Despite the availability of dozens of animal genome sequences, two key questions remain unanswered: First, what fraction of any species' genome confers biological function, and second, are apparent differences in organismal complexity reflected in an objective measure of genomic complexity? Here, we address both questions by applying, across the mammalian phylogeny, an evolutionary model that estimates the amount of functional DNA that is shared between two species' genomes. Our main findings are, first, that as the divergence between mammalian species increases, the predicted amount of pairwise shared functional sequence drops off dramatically. We show by simulations that this is not an artifact of the method, but rather indicates that functional (and mostly noncoding) sequence is turning over at a very high rate. We estimate that between 200 and 300 Mb (∼6.5%-10%) of the human genome is under functional constraint, which includes five to eight times as many constrained noncoding bases than bases that code for protein.
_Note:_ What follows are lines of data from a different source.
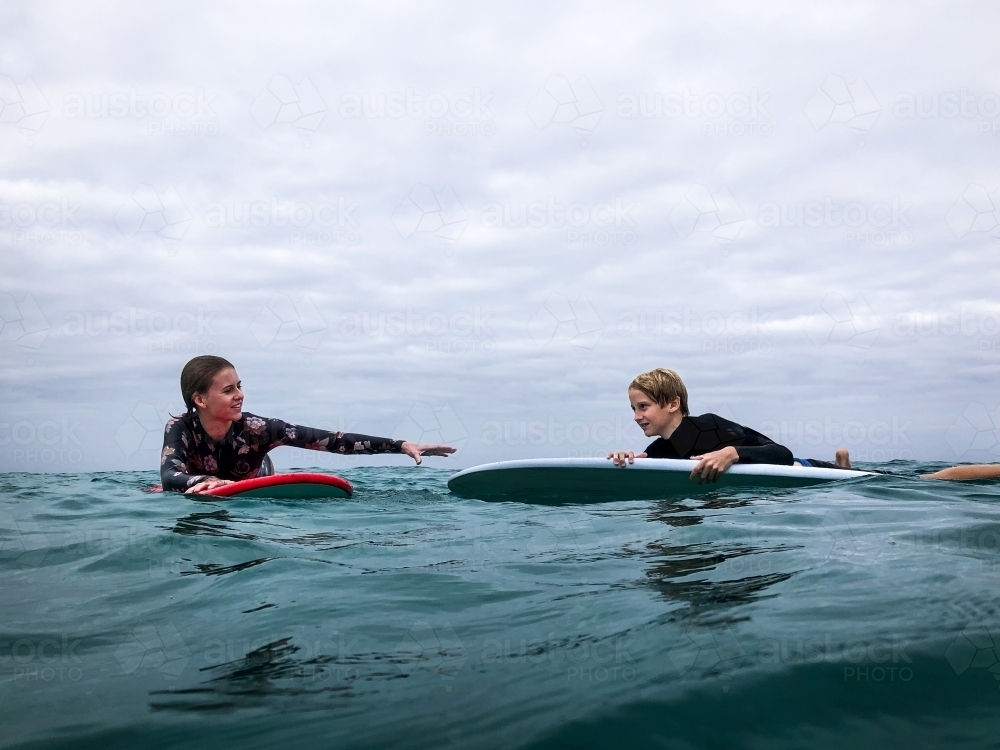 Teenage girl assisting teenage boy in the surf on longboard surfboards on overcast day - Australian Stock Image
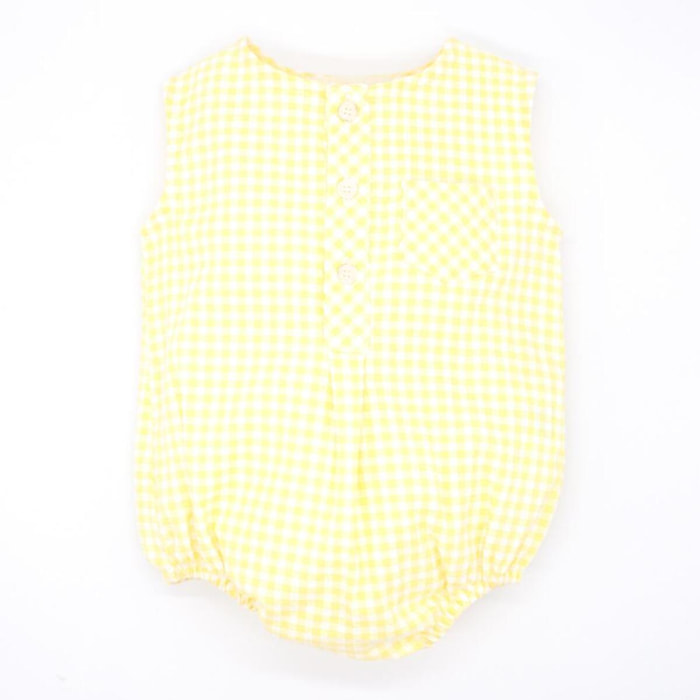 Pelele de vichy amarillo. Con bolsillo y tapeta con botones en el delantero. Goma en las piernas.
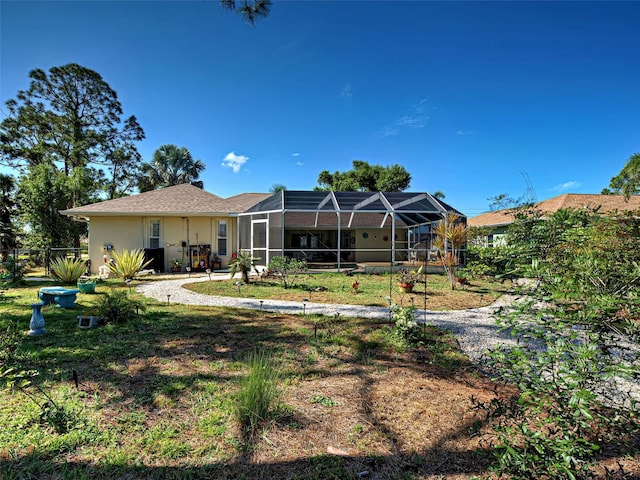 237 Rotonda Blvd E, Rotonda West, FL 33947 - rear view of property with glass enclosure, stucco siding, and a lawn
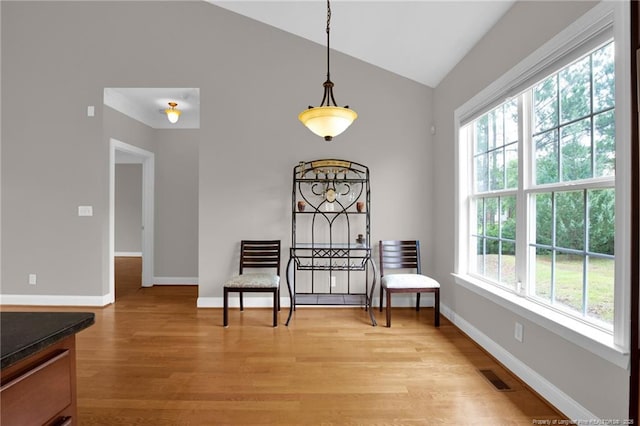 3207 Notting Hill Rd, Fayetteville, NC 28311 - living area with vaulted ceiling, light wood-style flooring, and baseboards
In contrast, in D. melanogaster we estimate only 56-66 Mb to be constrained, implying a ratio of noncoding to coding constrained bases of about 2. This suggests that, rather than genome size or protein-coding gene complement, it is the number of functional bases that might best mirror our naïve preconceptions of organismal complexity.
尽管有数十种动物基因组序列可供使用,但仍有两个关键问题尚未得到解答:首先,任何物种基因组中赋予生物功能的部分占多大比例,其次,生物体复杂性的明显差异是否反映在基因组复杂性的客观衡量标准中?在这里,我们通过在哺乳动物进化枝上应用一种进化模型来解决这两个问题,该模型估计了两个物种基因组之间共享的功能 DNA 的数量。我们的主要发现是,首先,随着哺乳动物物种之间的分化增加,预测的成对共享功能序列数量急剧下降。我们通过模拟表明,这不是方法的一种假象,而是表明功能(主要是非编码)序列的周转率非常高。我们估计人类基因组中有 200 到 300Mb(约 6.5%-10%)受到功能约束,其中受约束的非编码碱基是编码蛋白质的碱基的五到八倍。相比之下,我们估计在 D. melanogaster 中只有 56-66Mb 受到约束,这意味着非编码约束碱基与编码约束碱基的比例约为 2。这表明,与其说是基因组大小或蛋白质编码基因的补充,不如说是功能碱基的数量最能反映我们对生物体复杂性的朴素先入之见。